After solving, we get \(x = \frac{13}{4}\) and \(y = \frac{3}{2}\).

Therefore, the solution is \(x = \frac{13}{4}\) and \(y = \frac{3}{2}\).

**Q`1`. Solve the system of equations:**

**\(x - y = 3\)**

**\(7x - y = -3\)**

- \(x = 1\), \(y = 4\)
- \(x = -1\), \(y = -4\)
- \(x = 2\), \(y = -3\)
- \(x = -2\), \(y = -3\)

**Answer: **b

**Q`2`. Solve the system of equations:**

**\(3x - 2y = 9\)**

**\(5x + 4y = 26\)**

- \(x = 4\), \(y = \frac{3}{2}\)
- \(x = -5\), \(y = \frac{3}{2}\)
- \(x = \frac{5}{2}\), \(y = -4\)
- \(x = \frac{3}{2}\), \(y = 2\)

**Answer:** a

**Q`3`. Solve the system of equations:**

**\(x + y = 8\)**

**\(3x - 2y = 9\)**

- \(x = 3\), \(y = 5\)
- \(x = 4\), \(y = 4\)
- \(x = 5\), \(y = 3\)
- \(x = 6\), \(y = 2\)

**Answer:** c

**Q`4`. Solve the system of equations:**

**\(2x + y = 10\)**

**\(4x - 3y = 10\)**

- \(x = 2\), \(y = 4\)
- \(x = 3\), \(y = 3\)
- \(x = 4\), \(y = 2\)
- \(x = 5\), \(y = 1\)

**Answer:** c

**Q`5`. Solve the system of equations:**

**\(3x - y = 5\)**

**\(2x + 2y = 14\)**

- \(x = 2\), \(y = 1\)
- \(x = 3\), \(y = 4\)
- \(x = 4\), \(y = 3\)
- \(x = 5\), \(y = 4\)

**Answer:** b

**Q`6`. Solve the system of equations:**

**\(x - 3y + z = 8\)**

**\(2x - 5y - 3z = 2\)**

**\(x + 4y + z = 2\)**

- \(x = \frac{12}{5}, \quad y = -1, \quad z = \frac{13}{5} \)
- \(x = \frac{2}{5}, \quad y = 1, \quad z = -\frac{3}{5} \)
- \(x = 4\), \(y = 3\), \(z = 5\)
- \(x = 5\), \(y = 4\), \(z = 3\)

**Answer:** a

**Q`1`. What are systems of equations, and why are they important?**

**Answer:** A system of equations are set of two or more equations with the same variables.
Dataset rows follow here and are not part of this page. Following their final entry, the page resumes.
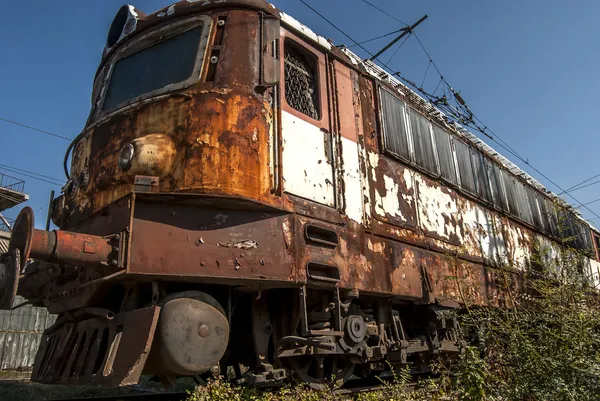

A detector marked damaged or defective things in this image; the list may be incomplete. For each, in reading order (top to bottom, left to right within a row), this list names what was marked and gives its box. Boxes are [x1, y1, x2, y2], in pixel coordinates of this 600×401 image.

peeling white paint [280, 10, 332, 50]
peeling white paint [280, 111, 336, 205]
peeling white paint [342, 137, 360, 222]
rusty metal panel [128, 202, 298, 282]
rusty metal panel [0, 294, 56, 368]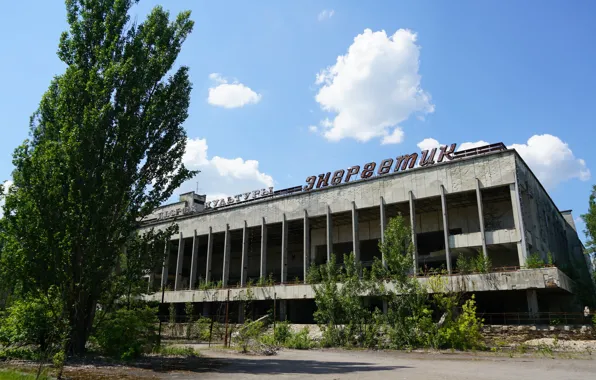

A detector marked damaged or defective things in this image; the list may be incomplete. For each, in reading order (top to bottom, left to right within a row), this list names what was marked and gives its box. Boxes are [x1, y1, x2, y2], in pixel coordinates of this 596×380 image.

rusted metal sign [302, 143, 456, 191]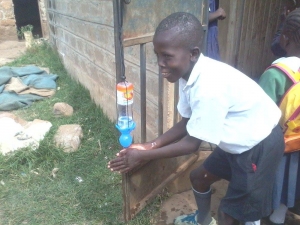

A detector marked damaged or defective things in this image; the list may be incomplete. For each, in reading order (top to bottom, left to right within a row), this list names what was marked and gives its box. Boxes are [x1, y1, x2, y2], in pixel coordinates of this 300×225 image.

rusty metal sheet [122, 0, 206, 45]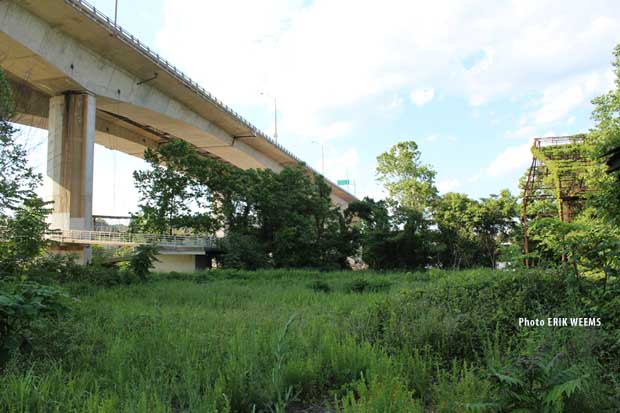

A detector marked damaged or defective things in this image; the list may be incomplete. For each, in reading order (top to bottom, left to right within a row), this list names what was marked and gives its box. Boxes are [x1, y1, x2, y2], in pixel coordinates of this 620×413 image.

rusted steel tower [520, 134, 588, 266]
They are important because they represent real-world situations where multiple variables interact, such as in engineering, economics, and physics. Solving systems of equations helps in finding the values of variables that satisfy all equations simultaneously, providing solutions to complex problems.

**Q`2`. What are the common methods for solving systems of equations?**

**Answer:** The common methods for solving systems of equations include:

- Substitution Method
- Elimination Method
- Graphical Method
- Matrix Method
- Cross-Multiplication Method

**Q`3`. How do I know which method to use when solving a system of equations?**

**Answer:** The choice of method depends on the specific equations and variables involved. Here are some guidelines:

- Use the Substitution Method when one equation can be easily solved for one variable.
- Use the Elimination Method when adding or subtracting equations will eliminate one of the variables.
- Use the Graphical Method when dealing with simple equations and when visualizing the solutions is helpful.
- Use the Matrix Method when dealing with larger systems of equations, like three or more variables.
- Use the Cross-Multiplication Method when solving systems with linear equations and multiple variables.

**Q`4`. Can systems of equations have more than one solution?**

**Answer:** Yes, systems of equations can have:

**A unique solution:**One set of values for the variables that satisfy all equations.**No solution:**When the equations represent parallel lines that never intersect.**Infinitely many solutions:**When the equations represent the same line, resulting in infinitely many points of intersection.

**Q`5`. What are some real-world applications of solving systems of equations?**

**Answer:** Solving systems of equations is widely used in various fields, where many parameters are taken into account simultaneously. For example:

**Engineering:**Designing structures, circuits, and systems.**Economics:**Analyzing supply and demand, cost and revenue functions.**Physics:**Solving problems involving motion, forces, and energy.**Biology:**Modeling population growth, and biochemical reactions.**Chemistry:**Balancing chemical equations, and calculating reaction rates.